Even in the midst of discord displaying that there are few things high-ranking members of the Trump administration agree on, there is consensual agreement that they will do their best to obstruct every path out of poverty for Black America. It is this common ground of resisting the advancement of African-Americans via an attack on Affirmative Action on collegiate campuses that has provided new combatants Donald J. Trump and Jeff Sessions ample room to lower the volume on their public feud.
In many ways, this most recent attempt by the Trump administration to reduce the number of African-American students on collegiate campuses excavated a familiar predicament of being, “damned if you do and damned if you don’t” for most African-Americans.
In reality, this attempt to challenge Affirmative Action during college admissions via a flimsy argument that the policy violates whites equal protection under the law rights provides the clearest view of both why so many Americans voted for this polarizing figure and the Trump administrations foremost goals and objectives. A segment of America has selected Trump to “make America great again” by hitting a reset button that allows for whites to become the preferred population when it comes to employment opportunities and seats at American universities. There is no other logical or illogical explanation that would explain the current political climate and the imminent attack on Affirmative Action policies.
In many ways, this attempt to deny African-American students access to higher education validates a long-held suspicion that whites seek a monopoly over every American resource. Consider for a moment the frequent refrain from whites that it is the cavernous educational achievement gap that is the catalyst behind racial disparities. This relatively straightforward argument blames Black America for its impoverished position. According to whites, if only blacks would alter their priorities and place their emphasis on education over rap music, literature or gold teeth, and marriage over producing children out of wedlock they would be saved. I am quite certain that many a white political pundit has mused if blacks would focus their attention on education, the poverty that has ridden them as a biblical curse would expire.
Consider for a moment the following quotes from white powerbrokers regarding the ultimate utility of education.
- Education makes a people easy to lead, but difficult to drive: easy to govern, but impossible to enslave.
- It is in fact a part of the function of education to help us escape, not from our own time — for we are bound by that — but from the intellectual and emotional limitations of our time.
- What sculpture is to a block of marble, education is to the human soul.
- Education is the ability to listen to almost anything without losing your temper or your self-confidence.
- Learning is not attained by chance, it must be sought for with ardor and attended to with diligence.
- What we have learned from others becomes our own reflection.
Ralph Waldo Emerson
The above quotes lead one to believe that Trump’s attack on Black America’s access to higher learning is borne of a dogged-determination to extend the ‘have not’ status of Black America well into the new millennium. In fact, it is not unreasonable to believe that when judged by history that the Trump administrations most crowning achievement may be the lengths that it went to protect the interests of whites.
I wonder, how will Black America respond to this blatant attack?
The disappointment surrounding the Trump administrations plan to begin “…litigation related to intentional race-based discrimination in college and university admissions” should be merely the sound before the organized political activism of astute and angered black populace.

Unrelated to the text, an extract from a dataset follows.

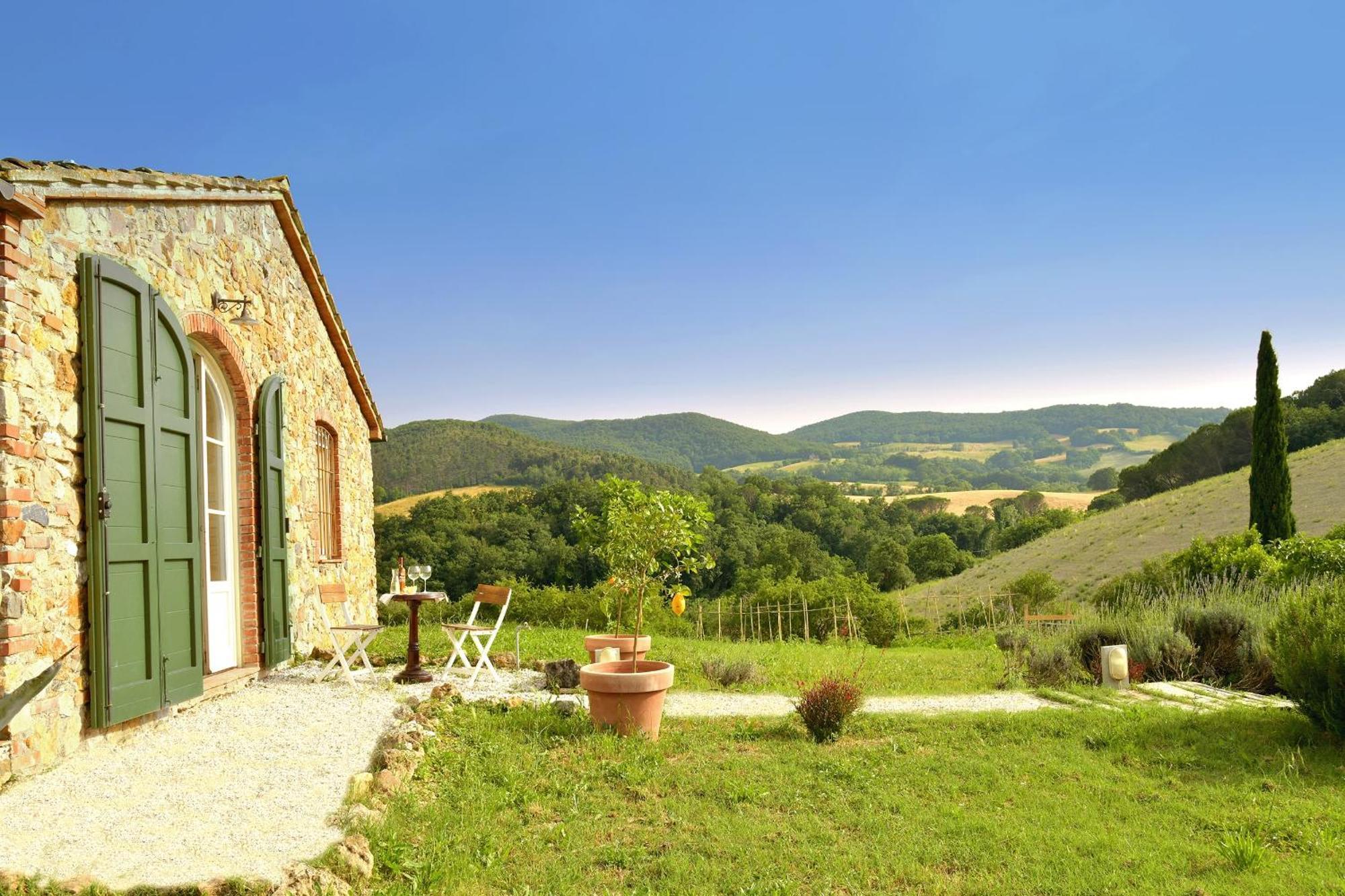 Locanda Le Giunche Guardistallo Bagian luar foto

Only time will tell if Black America has reached a level of political maturity that allows it to rally in a fight against a substantive political issue such as the Trump administration’s pending attack on Affirmative Action that far outweighs relatively trivial matters such as Umar Johnson’s proposed school.

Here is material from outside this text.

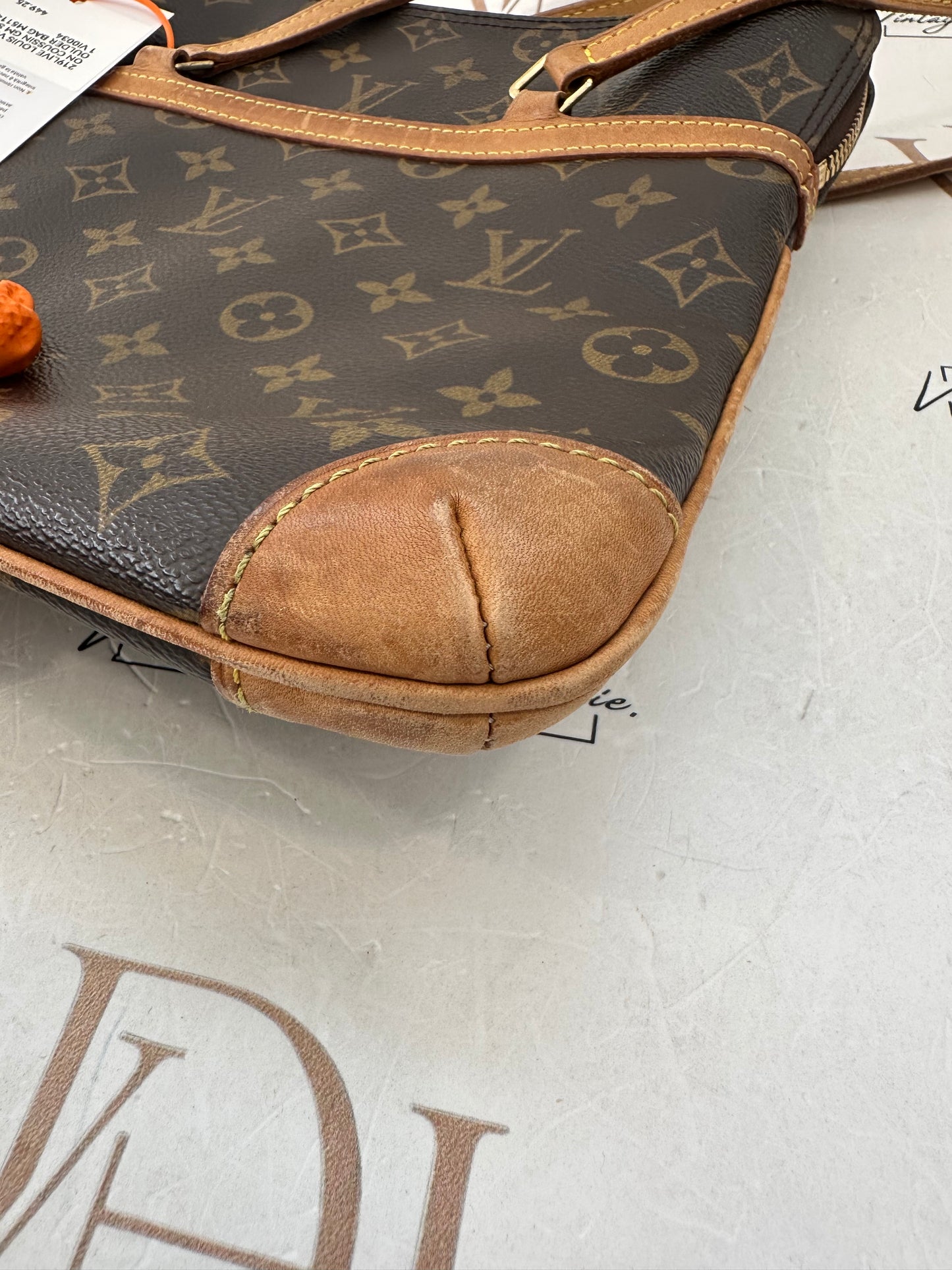 016920 - Louis Vuitton Coussin GM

If history is any indicator, we should expect Black America to once again drop the ball by failing to arrive on the political battlefield with the seriousness this matter requires. Failure to organize our politico economic currency with the intention of confronting those entities that seek to obstruct traditional avenues of advancement will doom future generations of Black America. Most disappointing of all is the reality that we could prevent such events if we cared enough.